OP, thanks for this thread, and thanks to all for this discussion. To hit my opinion on the OP:
Future vacation planning - which public aquariums have lots of reef corals and home aquarium size fish on display? Most seem to favor penguins, seals, stingrays, dolphins and similar large animals.
As you mentioned, public aquaria make their family trip $$ off of (i.e. the kiddos want to see most) the penguins, seals, touch pools, dolphins and big pelagic tanks. heck, even
amazon biotopes get better coverage, since many have small-to-large
amazon bird and fish exhibits, with the obligatory arapaima.
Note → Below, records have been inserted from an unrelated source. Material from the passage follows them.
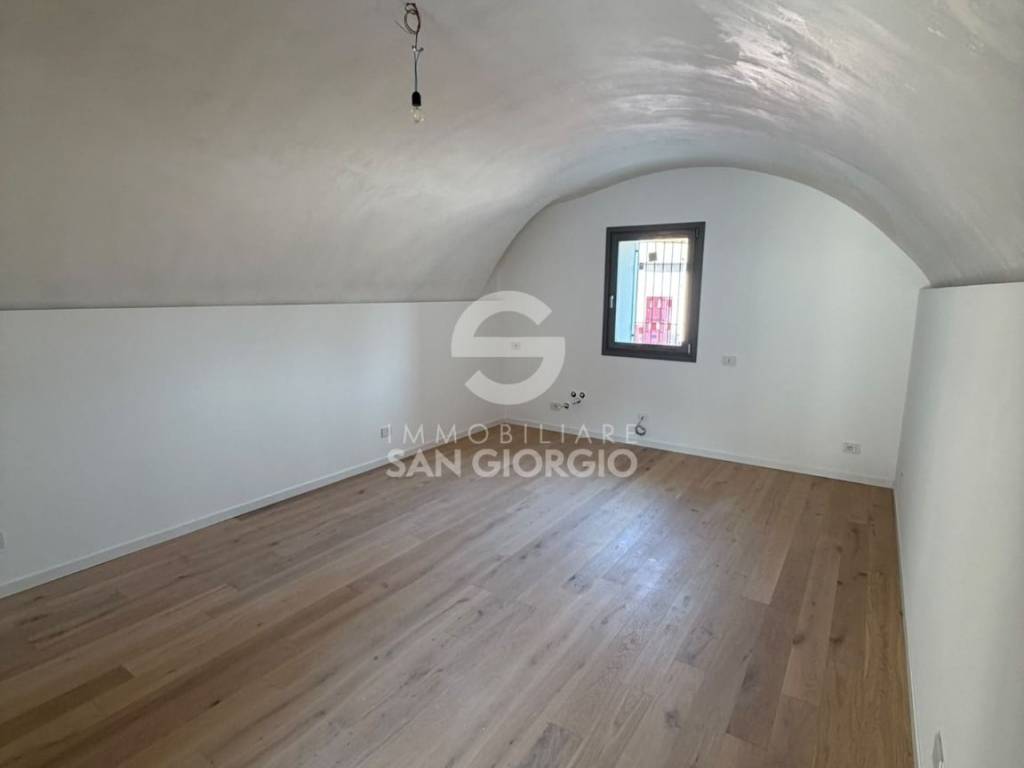 appartamento in vendita a Manerba del Garda in zona Pieve Vecchia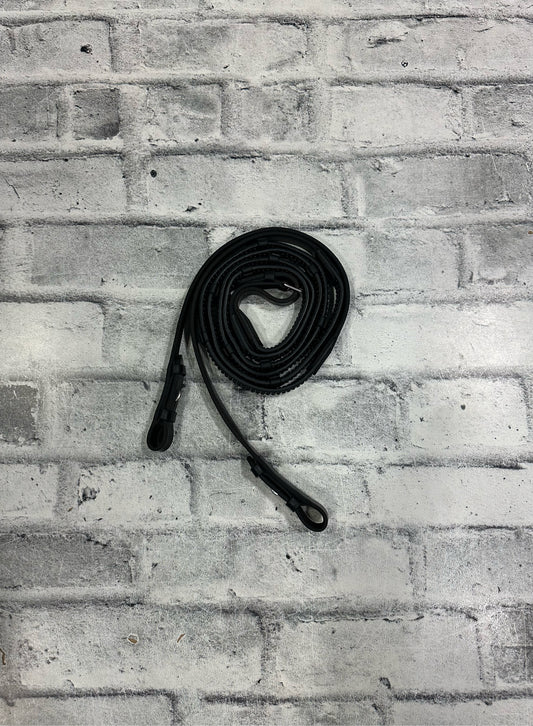 Black Oak Rubber Reins Black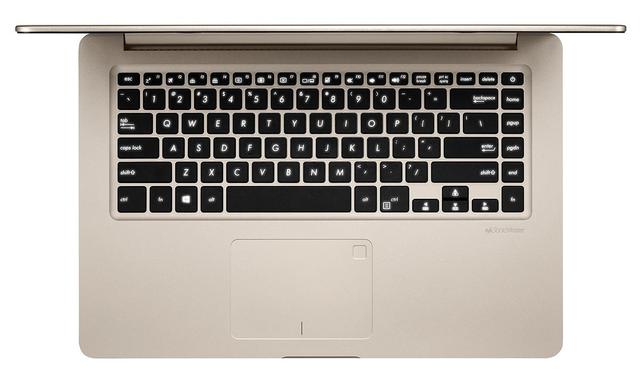 Klawiatura VivoBook S poprawia komfort i ergonomię pracy.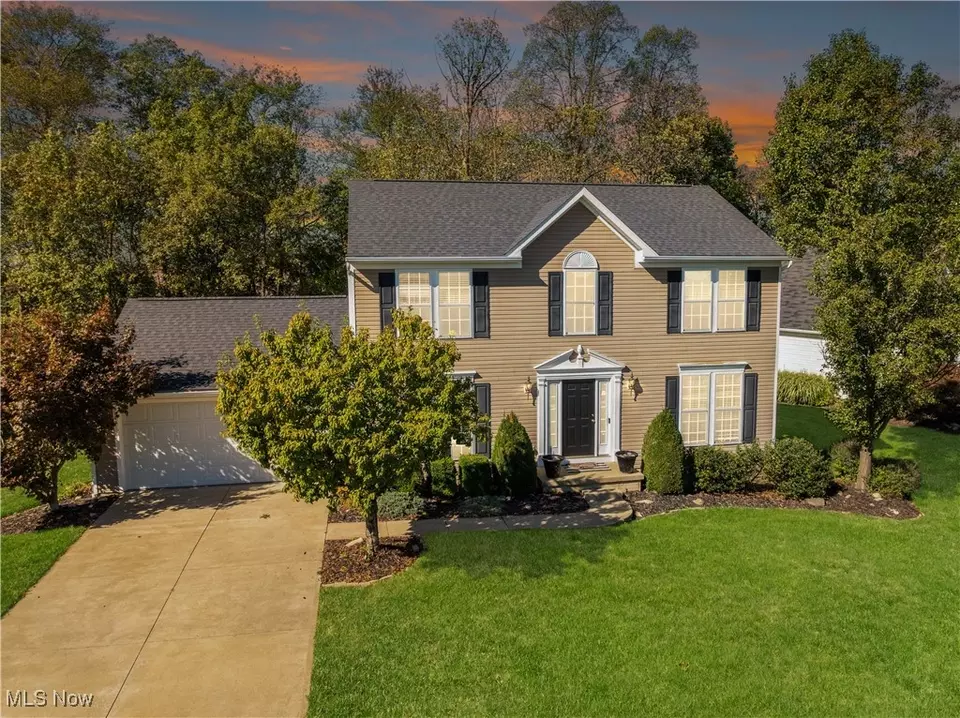 5147 Susetta Ave NW, Canton, OH 44709 | MLS# 5163186 | 27 Photos - Movoto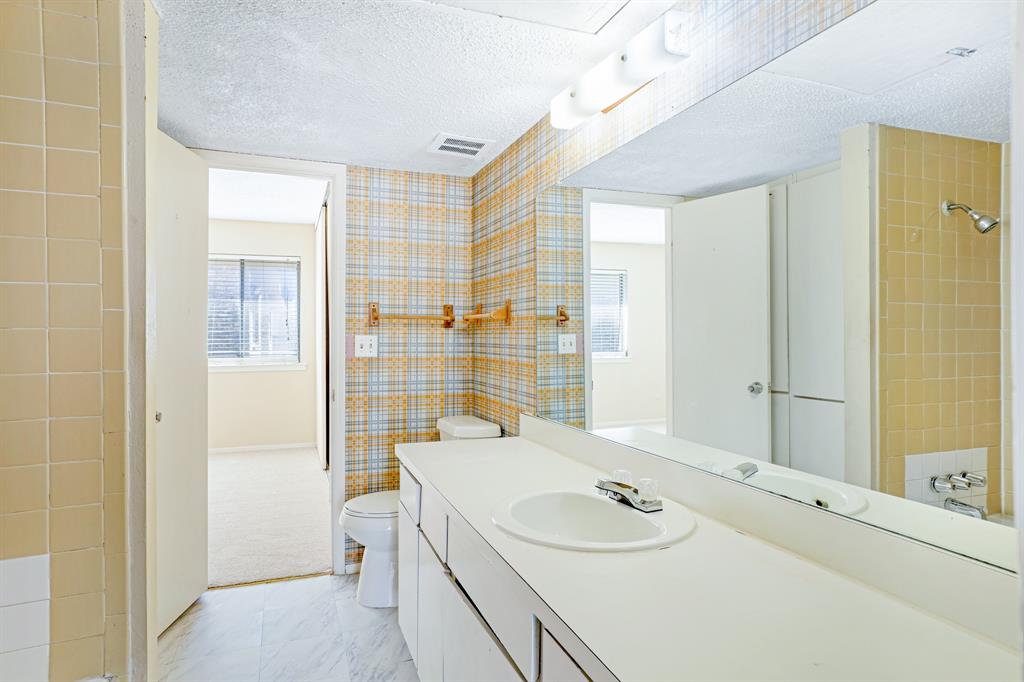 Richardson Lifestyle Townhomes - Residential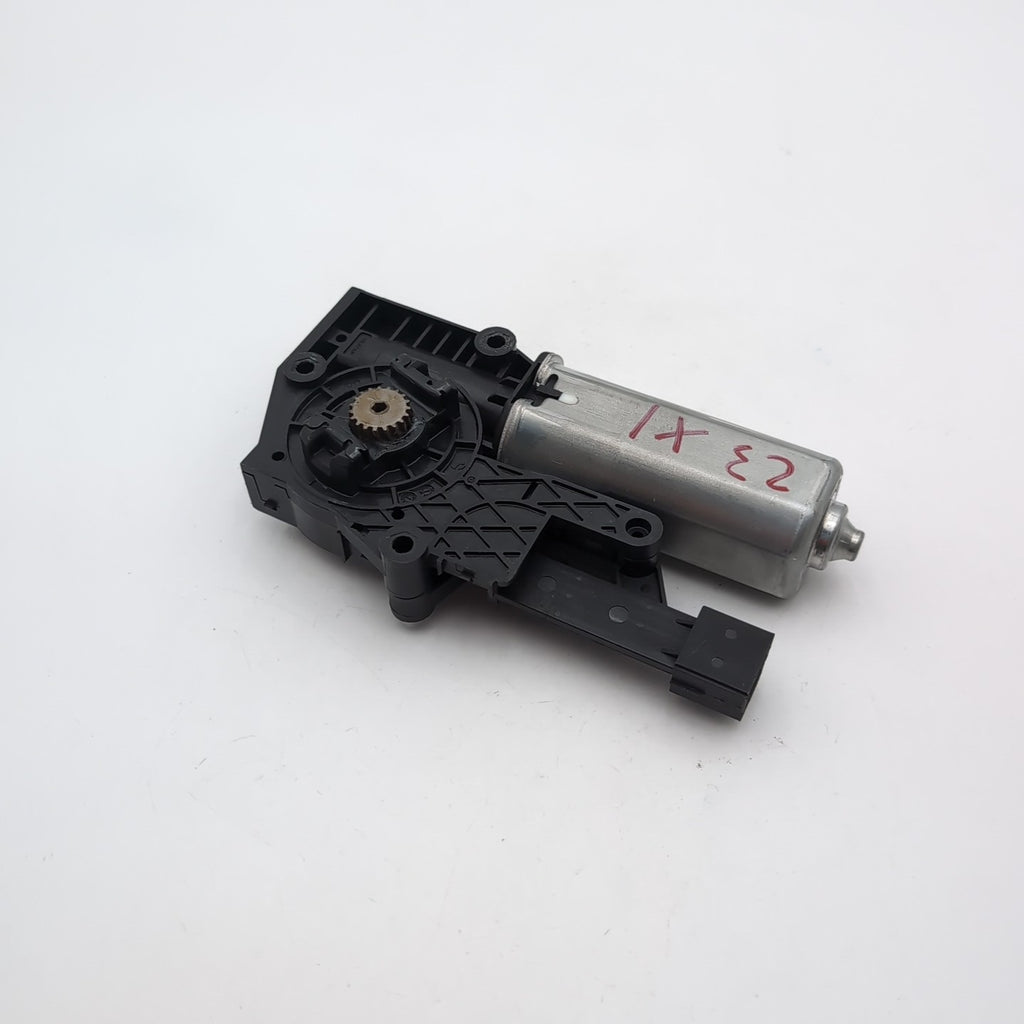 2023 2024 2025 BMW X1 U11 Panoramic Sunroof Power Sun Shade Motor OEM 9854524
The disappointment many people feel at the Waikiki aquarium (no such exhibits, only a few reef tanks) is an example of why a heavy reef focus might be financially dangerous. (that said, while I appreciate all the work they demonstrated in their backstage tour, I do think they are coasting off of their pioneering work decades ago and need a massive remodel and recapitalization)
Coral exhibits are generally small afterthoughts and part of the smaller exhibits. That said, there are several places I've been to with nice small reef exhibits. San Diego, Monterey, Noboribetsu in Hokkaido Japan have nice reef side exhibits. One of my favorite reef tanks period is the gorgonian tank at the Henry Dooley Zoo at Omaha.
An alternative is the Berlin Zoo, which - not surprising from the land of Heiko Bleher, the center of Europe's wonky freshwater biotope craze, and really wonky brands like eheim, , tunze, tropic-marin, ATI, trident, korallen zucht - is like 30+ different fresh and salt water biotopes. (as well a a large central portion with like alligators and the like, but no seal, dophins, penguins etc.). This is my vote for the best public aquarium from a hobbyist/enthusiast perspective, even though some tanks were inevitably (in a 30+ tank institution) a bit underwhelming for their concept and should be reset.